What a blessing it was to learn STEP. The use of consequences for those repeated but minor infractions gave me the proper tool to deal with those things before they became a major source of my frustration-- and yelling.
Learning how to use "I-messages" to let my kids know when I felt disrespected or frustrated helped me head off the full-blown, I've-had-it-up-to-here tirades.
And gentle, sensible reflective listening helped me show my kids that their concerns were important to me-- as well as modeling to them how to be a good listener.
It's daily work, even for a family like mine which has practiced STEP for over 12 years. The little struggles, disappointments, and frustrations of family life can sometimes get the better of us. But STEP works for me every time I use it.

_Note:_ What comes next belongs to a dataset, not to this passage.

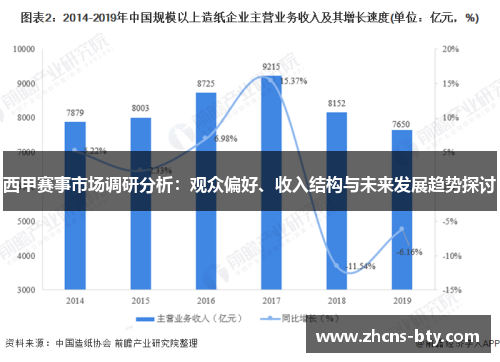 西甲赛事市场调研分析:观众偏好、收入结构与未来发展趋势探讨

More reinforcements for the parenting ideas taught by STEP: failure, freedom, and focus on the important stuff.
John O'Sullivan is a professional soccer player and youth coach who believes the current approach to youth soccer not only overlooks the best talent for the future of the sport, but actively undermines the love of the sport and the ability to create deep talent pools of kids who are passionate about playing.
His cautionary tale is one of a kid who gained a spot on a Danish youth soccer squad only because they were desperate to fill the ranks of the new club being formed. Not one coach associated with the team thought the kid had any talent or future whatsoever. Six years later that kid was the starting center back in Denmark's World Cup match in South Africa.

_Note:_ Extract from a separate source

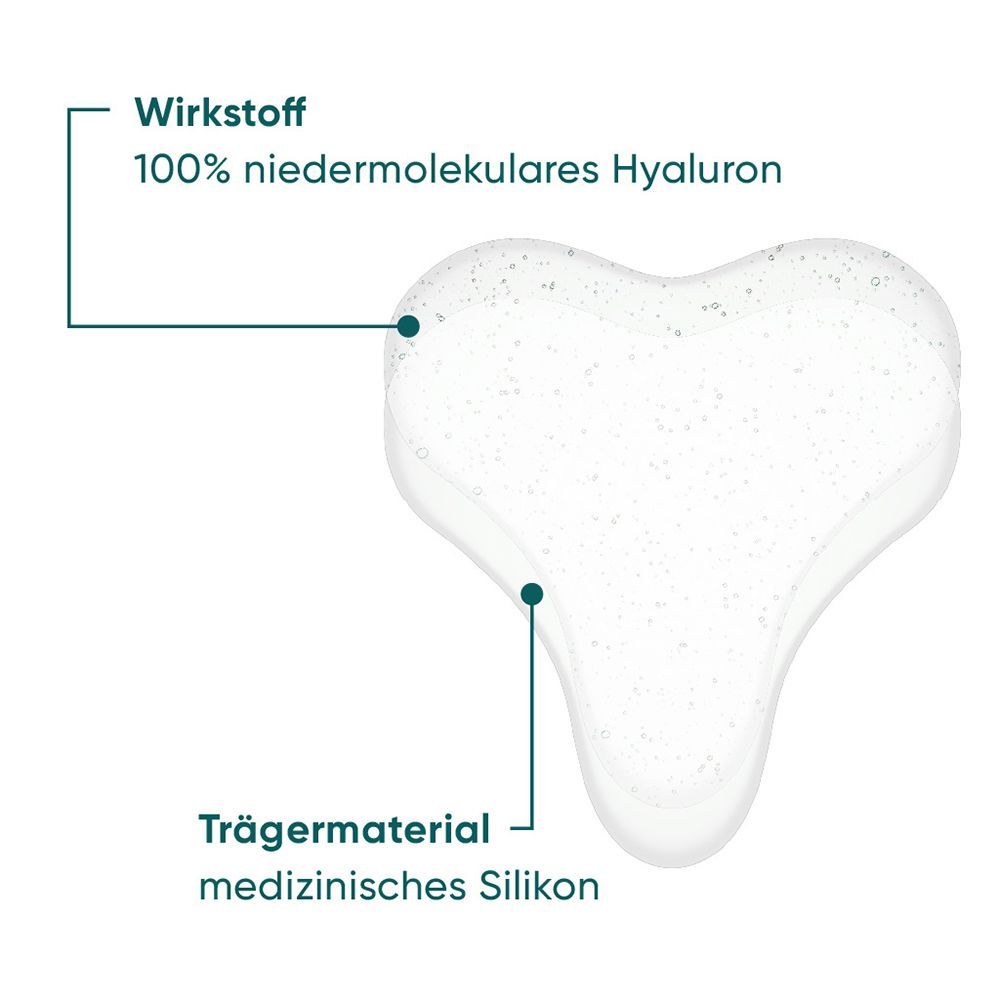 Grafik mit Inhaltsstoffen des Dekolleté Pads. Es zeigt "Wirkstoff 100% Hyaluron" und "Trägermaterial medizinisches Silikon".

Here are some excerpts from a recent article, explaining what Coach O'Sullivan recommends:
Focus the vast majority of time on technical development, especially comfort on the ball, with as many players as possible through U-12. This is what STEP endorses in terms of behavior-focus, as opposed to critiquing the individual.

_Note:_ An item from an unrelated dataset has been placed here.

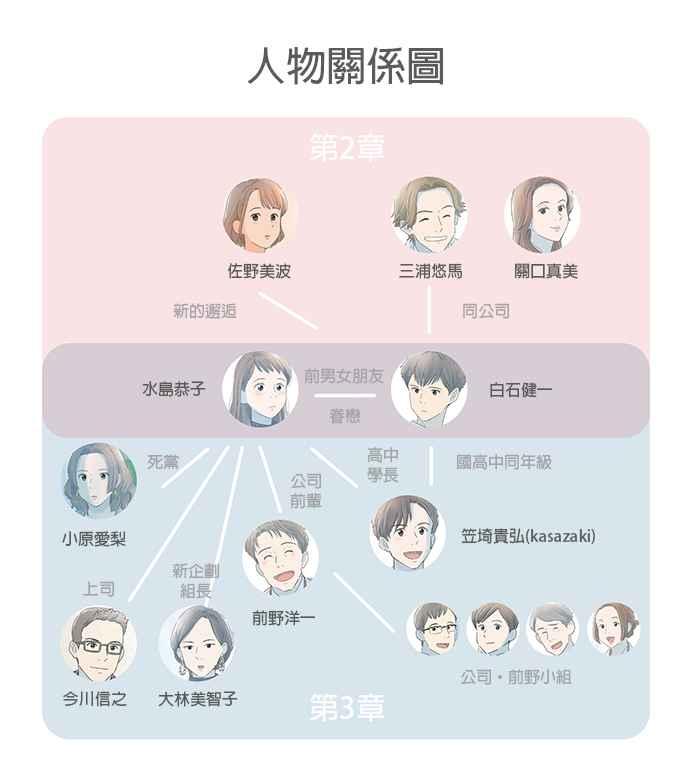《重要的日子总是雨》第21话 新的挑战 第71页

Identify your weaker technical players and give them the best coaching, helping them catch up to the strong ones to build deeper player pools.Kids need encouragement to do their best. And we need to help them to do their best-- not anyone else's idea of their best. Unleashing that passion with encouragement, we're often surprised at the outcome.
Through U-12, keep no standings, play for no state championships. Instill a love of the game, and let the games belong to the kids. Let them fail, let them figure out how to solve problems instead of solving them for them (that means you too, parents). Give them the game! Self-explanatory.
EDUCATION for coaches! We have a ton of licensed “professional” coaches who know little about child development, child psychology, and effective educational tools. We need to provide more avenues for learning, as well as environments where they are allowed to develop players instead of focusing on winning. As with STEP, focusing on the end point, such as grades, not only misses the point but undermines the effort to get to that end. Kids can achieve grades easily enough, under pressure. Cheating for instance. That will not develop the knowledge nor the wisdom that knowledge is meant to engender. It also catches kids up in the deception: I'll pretend I'm learning, you pretend you care about anything but the report card.
EDUCATION for parents! Yelling constant instructions from the sideline, pushing your kids to your own goals instead of theirs, harassing them on the ride home after games, and inadvertently or not,tying your love of your kids to their sporting outcomes is ruining a generation of young athletes. Yes, its the norm, but it is completely wrong! When parents sign a kid up for youth soccer, they, too, should be enrolled in ongoing education.We need to teach parents how to help, instead of telling them to step aside and leave it to the pros. Sign up for a STEP class! Yelling, telling, berating-- all these do is undermine your relationship with your child and make them angry and discouraged. Firmness with kindness, discipline with high expectations-- these techniques will bring out the best in your child. And ultimately in you.